(Material provided)
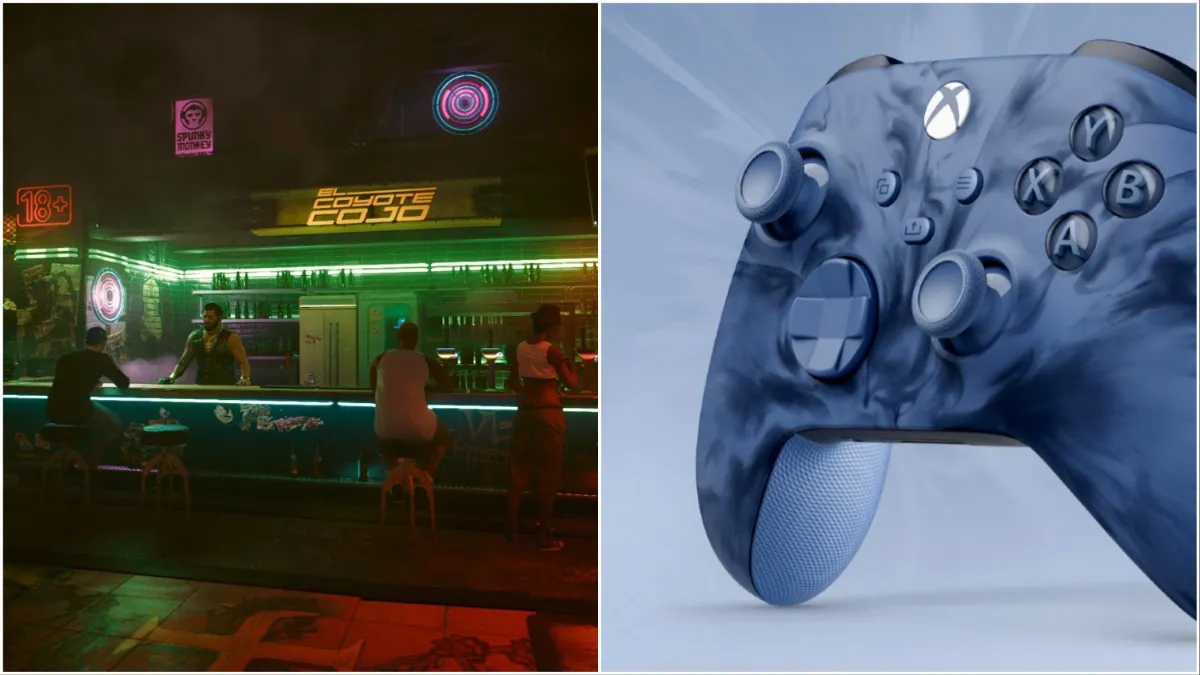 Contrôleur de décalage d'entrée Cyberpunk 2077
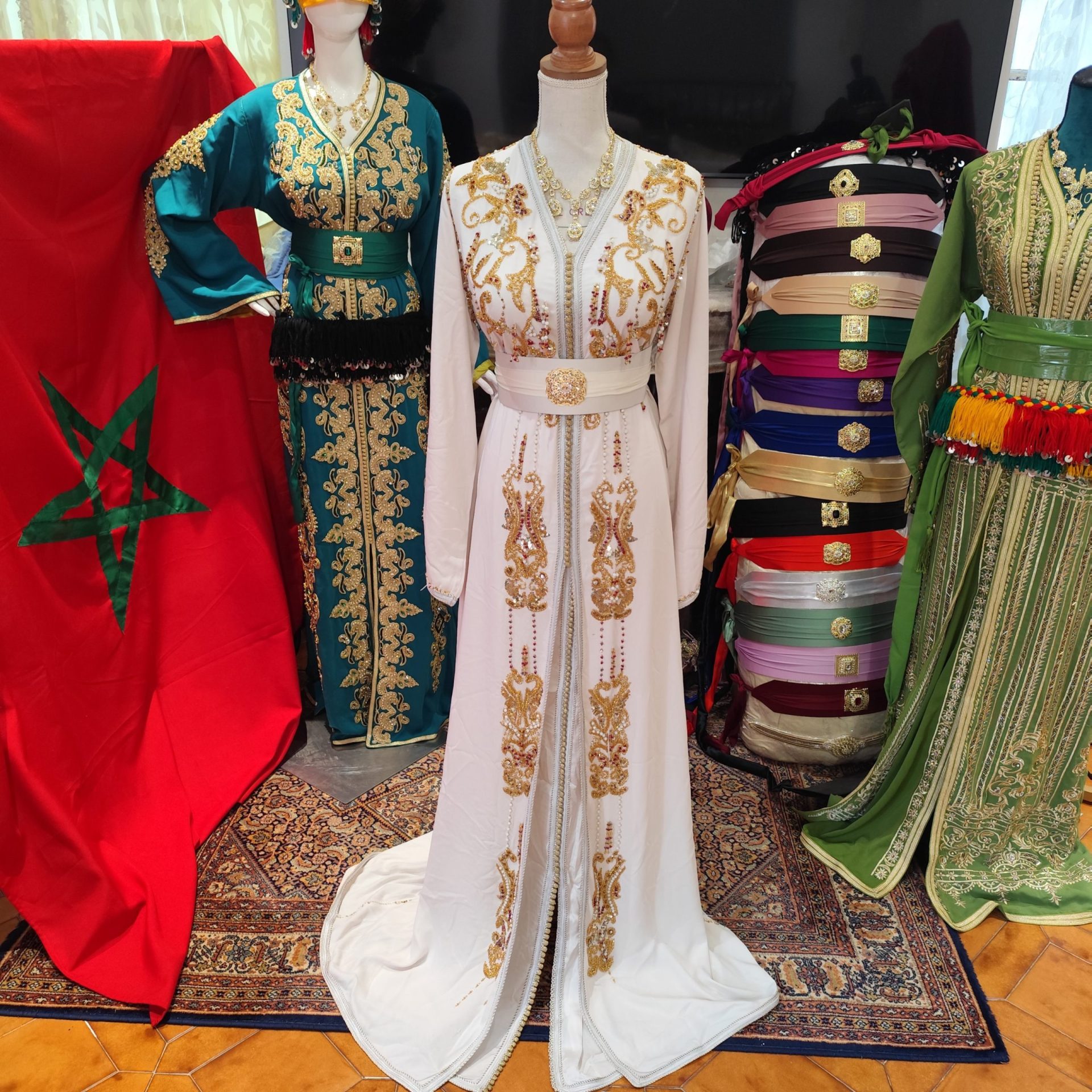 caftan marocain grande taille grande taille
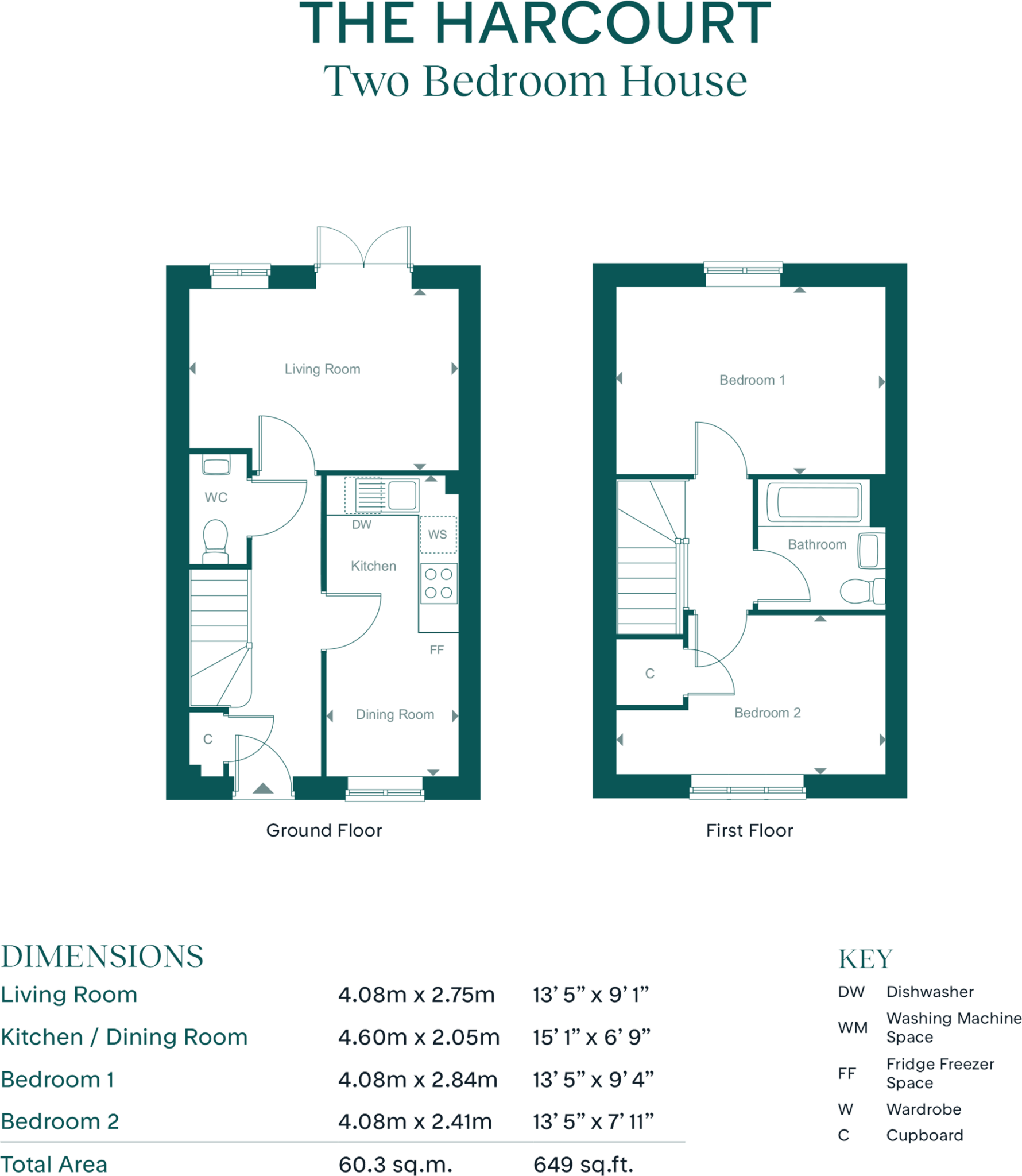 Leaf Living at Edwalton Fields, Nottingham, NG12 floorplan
(End Material provided)
Your task =
Where a picture appears in the listing above, skip it and set down all the rest exactly.

Finished task =
 Contrôleur de décalage d'entrée Cyberpunk 2077
 caftan marocain grande taille grande taille
 Leaf Living at Edwalton Fields, Nottingham, NG12 floorplan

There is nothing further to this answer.